Biasanya kabar dari kampung halaman kurang menyenangkan. Paling banyak berita kematian. Atau orang sakit keras. Atau bencana alam gunung meletus, banjir, kekeringan, gagal panen. Terakhir kabar tentang kebakaran puluhan rumah adat di Kampung Napaulun, Pulau Lembata, NTT.
Karena itu, kalau ada panggilan telepon atau SMS atau WA dari kampung biasanya saya deg-degan. Orang-orang NTT lain di perantauan pun sama. Jangan-jangan... jangan-jangan... Dan biasanya dugaan itu tidak terlalu meleset.
Kali ini agak lain. Kabarnya bahagia. Kristofora, adik saya, mengirim pesan singkat:
"Met malam kame wia misa tahbisan di Stasi Lewotolok.. terlalu rame sekali.
Ini malam syukuran misa perdana di Lamawara. Romo orang Lamawara suku Langobelen.

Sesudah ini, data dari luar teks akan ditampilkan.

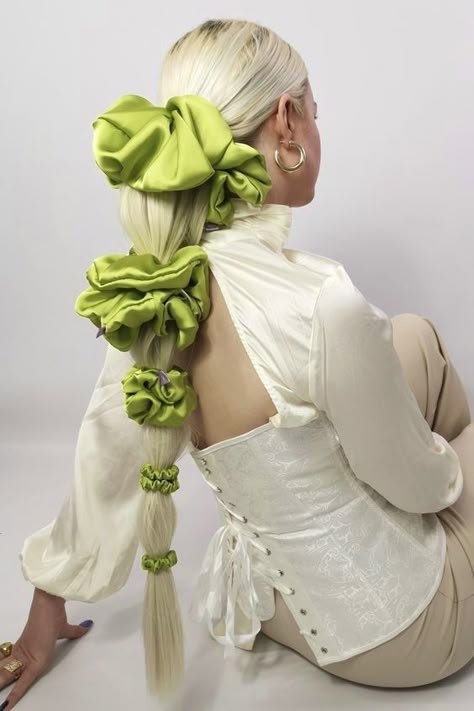 Green Scrunchie, Editorial Hair, High Bun, Peridot Green, August Birthstone, Low Ponytail, Hair Reference, Mode Inspo, 가을 패션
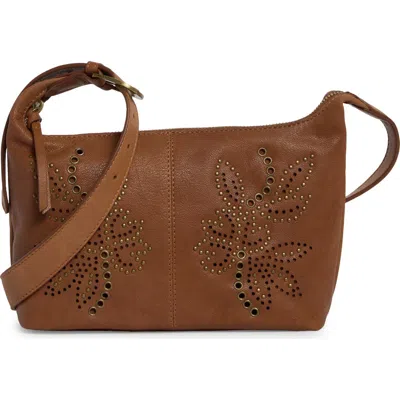 Lucky Brand Jann Studded Leather Crossbody Bag In Honey Tan Goat Pickle Le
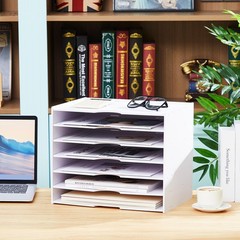7 Tier Scrapbook Paper Trays Organizer 14.2×10.2×11.8 Inch Stackable File Desk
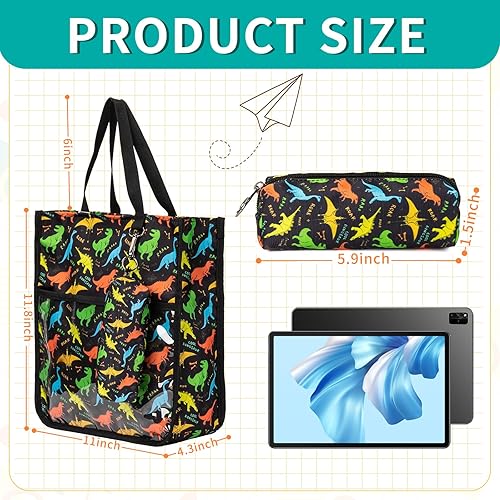 Vista 2 de Lindas bolsas de mano para niños y niñas de 4 a 16 años, bolsos con estuche para lápices, bolsas de mano con cremallera para la escuela y el tiempo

Imam suku Langobelen yang bapa matay na berkat bapa pe tabis ia Stasi Lewotolok ra ete telo."
Deo gratias!
Syukur kepada Allah!
Ada tahbisan imam baru di Gereja Stasi Stella Maris, Lewotolok, Ile Ape, Lembata. Tiga imam baru sekaligus. Pater Antonius Bisu Markus SVD, Pater Yoseph Bala Roma SSCC, dan Romo Yohanes Watan Langobelen Pr.
Saya ingat... Frater Yohanes Watan Langobelen bulan Juli 2019 lalu yang memberkati jenazah Bapa Nikolaus Nuho Hurek di kampung Bungamuda. Sekarang sudah resmi jadi pastor.
Tak pernah saya bayangkan, dulu... Uskup Larantuka Monsinyur Frans Kopong datang ke Lewotolok untuk menahbiskan tiga imam baru sekaligus. Bukan apa-apa. Paroki kami di pesisir pantai utara Laut Flores sering dianggap gersang panggilan. Daerah yang kurang katolik karena adat istiadat nenek moyangnya terlalu kuat.
Orang lebih takut melanggar aturan adat ketimbang tidak pigi sembahyang misa. Rajin pigi sembahyang di gereja tapi juga sangat rajin bikin ritual di rumah adat yang terbakar itu.
Karena itu, waktu saya kecil, tidak banyak pater atau romo asal paroki kami. Tidak sampai hitungan jari sebelah alias tidak sampai lima orang. Beda dengan Lembata bagian selatan yang panggilannya sangat subur. Bahkan mungkin paling subur di NTT, bahkan Indonesia.
Karena itu, dulu, Pater Petrus M. Geurtz SVD dan Pater Willem van der Leurs SVD, keduanya asal Belanda, selalu mengajak umat di stasi-stasi kami untuk banyak mendoakan panggilan. Agar ada orang Ile Ape yang dipanggil masuk seminari. Agar bisa menggantikan pater-pater Eropa dan Amerika itu.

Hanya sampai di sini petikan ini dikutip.